Ex-Paquito revela ter feito “vários pactos” para virar famoso: “sempre funcionava”
Hoje missionário no Níger, ele diz que os rituais funcionaram até a conversão religiosa interromper tudo
A trajetória de Alexandre Canhoni, ex-integrante do grupo de assistentes de palco que ganhou projeção nacional nas décadas de 1980 e 1990, ganhou um novo capítulo público depois que o próprio missionário humanitário decidiu abrir detalhes sobre os bastidores espirituais da sua busca pela fama. A revelação aconteceu durante uma conversa prolongada no estúdio do NovapoPodcast, onde o convidado respondeu a questionamentos diretos sobre o que teria feito para acelerar sua entrada e permanência na televisão brasileira.
A entrevistadora conduzia o diálogo quando abordou a existência de rituais praticados por artistas que desejavam ingressar na TV Globo. Canhoni interrompeu qualquer tentativa de suavizar o assunto e confirmou que havia mergulhado de cabeça nesse universo. Segundo ele, a ambição naquele período não se limitava ao reconhecimento regional ou mesmo nacional. O objetivo declarado era a fama em escala mundial, e o então assistente de palco acreditava que o talento que possuía representava apenas uma parte dos requisitos necessários para furar a bolha do entretenimento.
Ao detalhar a estrutura que mantinha dentro da própria casa, o ex-paquita descreveu um cenário que contrastava radicalmente com a imagem solar dos programas infantis que o tornaram conhecido. Ele revelou ter montado um congá com mais de setenta imagens, um número que impressionou os entrevistadores e que, de acordo com sua própria narrativa, evidenciava a profundidade do envolvimento. A quantidade de pactos realizados ao longo daquele período não se resumiu a um único episódio ou a tentativas isoladas. Canhoni foi categórico ao afirmar que as alianças espirituais se multiplicaram em dezenas, numa escalada que se intensificava à medida que a proximidade com os holofotes aumentava.
O relato não se limitou à descrição do passado. Ao ser perguntado sobre a efetividade dessas práticas, o missionário respondeu que os resultados apareciam de forma concreta. Portas se abriram, oportunidades surgiram e a trajetória na televisão se consolidou. No entanto, essa aparente prosperidade sofreu uma guinada abrupta no momento em que ele decidiu abandonar o antigo caminho e abraçar a fé cristã. A partir da conversão, segundo seu testemunho, a engrenagem que antes funcionava a seu favor simplesmente parou de girar.

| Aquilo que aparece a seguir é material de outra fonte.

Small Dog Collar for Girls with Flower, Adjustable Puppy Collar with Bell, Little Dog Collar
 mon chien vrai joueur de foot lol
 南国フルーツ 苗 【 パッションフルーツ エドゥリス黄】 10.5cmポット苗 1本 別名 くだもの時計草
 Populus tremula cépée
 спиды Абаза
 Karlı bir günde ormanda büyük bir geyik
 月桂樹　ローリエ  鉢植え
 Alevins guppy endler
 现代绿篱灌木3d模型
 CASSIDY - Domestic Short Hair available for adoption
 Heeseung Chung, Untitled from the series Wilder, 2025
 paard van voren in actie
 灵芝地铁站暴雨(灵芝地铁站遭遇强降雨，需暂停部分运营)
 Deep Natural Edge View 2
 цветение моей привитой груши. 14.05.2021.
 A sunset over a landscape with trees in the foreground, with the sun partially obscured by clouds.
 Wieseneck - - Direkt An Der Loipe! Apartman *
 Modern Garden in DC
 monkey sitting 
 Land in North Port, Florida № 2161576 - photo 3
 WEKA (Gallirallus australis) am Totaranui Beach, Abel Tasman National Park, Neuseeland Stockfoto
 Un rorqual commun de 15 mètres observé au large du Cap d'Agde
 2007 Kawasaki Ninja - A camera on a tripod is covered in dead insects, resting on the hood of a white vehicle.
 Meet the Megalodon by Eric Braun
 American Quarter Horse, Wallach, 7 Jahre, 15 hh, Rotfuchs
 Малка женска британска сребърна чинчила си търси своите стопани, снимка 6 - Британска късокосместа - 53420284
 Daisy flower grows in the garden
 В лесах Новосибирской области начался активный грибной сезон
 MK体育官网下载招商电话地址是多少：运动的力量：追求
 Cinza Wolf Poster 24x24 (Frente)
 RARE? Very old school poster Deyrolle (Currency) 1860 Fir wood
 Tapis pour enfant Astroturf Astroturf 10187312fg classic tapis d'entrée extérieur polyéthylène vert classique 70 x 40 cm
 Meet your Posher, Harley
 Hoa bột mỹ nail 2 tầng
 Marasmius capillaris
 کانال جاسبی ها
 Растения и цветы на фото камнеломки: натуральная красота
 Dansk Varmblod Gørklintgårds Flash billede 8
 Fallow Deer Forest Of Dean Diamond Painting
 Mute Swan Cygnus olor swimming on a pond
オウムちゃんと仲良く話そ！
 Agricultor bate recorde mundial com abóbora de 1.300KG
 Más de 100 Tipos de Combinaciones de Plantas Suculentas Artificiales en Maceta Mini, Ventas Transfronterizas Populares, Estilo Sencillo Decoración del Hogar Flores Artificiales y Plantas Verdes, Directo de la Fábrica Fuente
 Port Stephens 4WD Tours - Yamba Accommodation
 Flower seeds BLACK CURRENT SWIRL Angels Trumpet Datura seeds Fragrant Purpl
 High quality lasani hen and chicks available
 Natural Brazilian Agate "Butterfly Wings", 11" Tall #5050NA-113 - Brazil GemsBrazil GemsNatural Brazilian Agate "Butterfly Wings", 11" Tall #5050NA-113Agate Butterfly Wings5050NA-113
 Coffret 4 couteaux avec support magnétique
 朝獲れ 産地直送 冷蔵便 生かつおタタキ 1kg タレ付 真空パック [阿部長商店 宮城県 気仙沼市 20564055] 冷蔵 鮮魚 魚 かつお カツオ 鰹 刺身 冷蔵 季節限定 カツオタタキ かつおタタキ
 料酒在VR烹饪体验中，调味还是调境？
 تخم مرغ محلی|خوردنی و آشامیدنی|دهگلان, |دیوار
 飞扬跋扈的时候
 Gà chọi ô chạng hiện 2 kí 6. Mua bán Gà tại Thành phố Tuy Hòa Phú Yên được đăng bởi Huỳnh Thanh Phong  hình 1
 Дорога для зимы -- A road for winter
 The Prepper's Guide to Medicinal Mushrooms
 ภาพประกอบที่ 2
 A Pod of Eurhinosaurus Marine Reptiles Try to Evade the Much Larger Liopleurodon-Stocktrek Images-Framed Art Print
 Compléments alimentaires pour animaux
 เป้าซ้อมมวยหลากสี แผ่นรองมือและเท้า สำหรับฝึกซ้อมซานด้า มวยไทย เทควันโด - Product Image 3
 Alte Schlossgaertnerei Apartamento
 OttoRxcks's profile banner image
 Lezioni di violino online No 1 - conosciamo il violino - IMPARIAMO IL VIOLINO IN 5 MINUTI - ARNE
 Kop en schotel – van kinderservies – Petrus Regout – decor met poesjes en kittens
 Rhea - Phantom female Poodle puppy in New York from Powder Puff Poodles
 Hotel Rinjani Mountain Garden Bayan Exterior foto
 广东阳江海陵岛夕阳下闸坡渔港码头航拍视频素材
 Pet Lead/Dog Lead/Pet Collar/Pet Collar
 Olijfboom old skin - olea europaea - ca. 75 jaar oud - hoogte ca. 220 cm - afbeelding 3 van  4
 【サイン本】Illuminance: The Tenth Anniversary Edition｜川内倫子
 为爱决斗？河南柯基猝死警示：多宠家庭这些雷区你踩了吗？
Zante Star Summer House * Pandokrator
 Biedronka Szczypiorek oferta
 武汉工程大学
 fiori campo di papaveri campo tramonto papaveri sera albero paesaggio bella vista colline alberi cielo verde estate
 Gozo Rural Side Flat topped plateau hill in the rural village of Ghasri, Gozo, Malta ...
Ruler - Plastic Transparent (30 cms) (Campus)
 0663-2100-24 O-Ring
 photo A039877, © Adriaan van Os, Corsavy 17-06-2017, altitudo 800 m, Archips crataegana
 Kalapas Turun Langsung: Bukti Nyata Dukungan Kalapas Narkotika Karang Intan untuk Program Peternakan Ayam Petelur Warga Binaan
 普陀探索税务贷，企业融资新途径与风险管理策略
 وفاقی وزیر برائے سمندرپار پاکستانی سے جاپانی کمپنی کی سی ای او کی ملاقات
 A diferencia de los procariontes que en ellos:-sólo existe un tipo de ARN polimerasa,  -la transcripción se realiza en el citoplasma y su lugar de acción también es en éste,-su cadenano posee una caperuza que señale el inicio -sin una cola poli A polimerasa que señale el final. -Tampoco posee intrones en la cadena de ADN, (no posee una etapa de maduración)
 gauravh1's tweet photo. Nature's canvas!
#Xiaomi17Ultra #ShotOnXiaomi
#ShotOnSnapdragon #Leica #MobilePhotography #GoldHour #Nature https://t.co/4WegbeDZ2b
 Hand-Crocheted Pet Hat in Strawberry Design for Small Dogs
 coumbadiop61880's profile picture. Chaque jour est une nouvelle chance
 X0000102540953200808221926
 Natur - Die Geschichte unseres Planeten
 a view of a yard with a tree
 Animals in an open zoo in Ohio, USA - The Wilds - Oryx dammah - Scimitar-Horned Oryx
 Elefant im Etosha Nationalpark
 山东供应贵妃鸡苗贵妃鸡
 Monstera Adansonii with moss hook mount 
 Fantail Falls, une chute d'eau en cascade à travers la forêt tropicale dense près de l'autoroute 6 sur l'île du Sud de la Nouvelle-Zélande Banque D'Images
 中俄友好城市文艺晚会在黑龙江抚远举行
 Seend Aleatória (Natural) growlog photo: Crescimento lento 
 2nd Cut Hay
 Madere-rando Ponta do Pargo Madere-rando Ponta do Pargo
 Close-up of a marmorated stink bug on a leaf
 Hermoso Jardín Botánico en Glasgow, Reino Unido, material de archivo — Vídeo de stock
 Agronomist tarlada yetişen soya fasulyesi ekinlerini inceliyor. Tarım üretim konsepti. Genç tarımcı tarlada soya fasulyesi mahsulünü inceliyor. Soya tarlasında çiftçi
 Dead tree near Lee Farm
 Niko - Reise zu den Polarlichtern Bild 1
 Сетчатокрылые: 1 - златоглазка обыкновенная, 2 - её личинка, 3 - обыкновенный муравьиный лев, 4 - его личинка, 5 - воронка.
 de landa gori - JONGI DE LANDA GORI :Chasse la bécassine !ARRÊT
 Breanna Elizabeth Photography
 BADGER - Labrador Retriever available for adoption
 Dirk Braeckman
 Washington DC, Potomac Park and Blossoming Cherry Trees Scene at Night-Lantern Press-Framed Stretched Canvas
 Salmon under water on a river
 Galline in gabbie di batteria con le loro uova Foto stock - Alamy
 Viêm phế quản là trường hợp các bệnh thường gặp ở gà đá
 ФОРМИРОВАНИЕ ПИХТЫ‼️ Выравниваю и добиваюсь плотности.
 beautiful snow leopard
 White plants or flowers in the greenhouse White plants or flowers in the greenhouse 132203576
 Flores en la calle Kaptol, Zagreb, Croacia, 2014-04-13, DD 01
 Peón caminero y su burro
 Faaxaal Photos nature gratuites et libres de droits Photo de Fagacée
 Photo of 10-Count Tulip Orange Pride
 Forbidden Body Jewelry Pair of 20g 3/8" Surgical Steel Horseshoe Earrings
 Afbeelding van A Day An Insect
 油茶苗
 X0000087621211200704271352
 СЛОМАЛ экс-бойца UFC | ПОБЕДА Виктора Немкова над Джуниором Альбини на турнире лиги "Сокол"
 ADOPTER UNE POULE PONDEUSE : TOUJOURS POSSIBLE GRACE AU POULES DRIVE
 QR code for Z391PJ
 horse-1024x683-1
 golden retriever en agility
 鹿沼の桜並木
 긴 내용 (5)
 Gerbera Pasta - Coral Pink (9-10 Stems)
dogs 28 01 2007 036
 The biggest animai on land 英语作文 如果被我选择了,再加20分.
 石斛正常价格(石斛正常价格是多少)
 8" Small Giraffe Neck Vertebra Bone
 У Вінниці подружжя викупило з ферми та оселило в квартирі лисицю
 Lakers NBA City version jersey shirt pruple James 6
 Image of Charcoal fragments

Canhoni aprofundou a análise sobre o mecanismo que, na sua visão, sustentava os pactos. Ele explicou que muitas pessoas ingressam nesse tipo de prática sem compreender plenamente as contrapartidas exigidas. No início, os benefícios obscurecem o preço, criando uma sensação de que o saldo é positivo. Com o passar do tempo, o indivíduo percebe que a relação não é unilateral. A frase citada por ele durante a entrevista sintetiza essa percepção: a oferta de algo desejado vinha sempre acompanhada de uma exigência que, mais cedo ou mais tarde, se revelaria.
O ex-assistente de palco integrou o elenco da atração infantil que marcou gerações de brasileiros. A exposição midiática transformava rapidamente os rostos da equipe em referências para milhões de crianças e adolescentes. Depois de anos sob os refletores, Canhoni decidiu encerrar a carreira artística no Brasil e se mudar para o continente africano, onde passou a se dedicar integralmente a projetos sociais. Hoje, estabelecido no Níger, ele coordena ações humanitárias voltadas para crianças em situação de vulnerabilidade extrema, num trabalho que contrasta frontalmente com a busca desenfreada por visibilidade que marcou sua juventude.
A conversa no podcast recuperou essa trajetória de ruptura e transformação. O homem que hoje percorre aldeias africanas para prestar assistência humanitária é o mesmo que um dia ergueu um altar repleto de imagens dentro de casa para tentar alcançar o estrelato. A confissão pública das dezenas de pactos, feita sem reservas diante dos microfones, acrescenta camadas de complexidade à biografia de um artista que optou por trocar o palco pelo trabalho de campo em um dos países mais pobres do planeta. O depoimento oferece um retrato íntimo de um período que, por décadas, permaneceu restrito à memória pessoal do ex-paquita e que agora ganha registro público com riqueza de detalhes.
Fonte: Entrevista de Alexandre Canhoni concedida ao NovapoPodcast.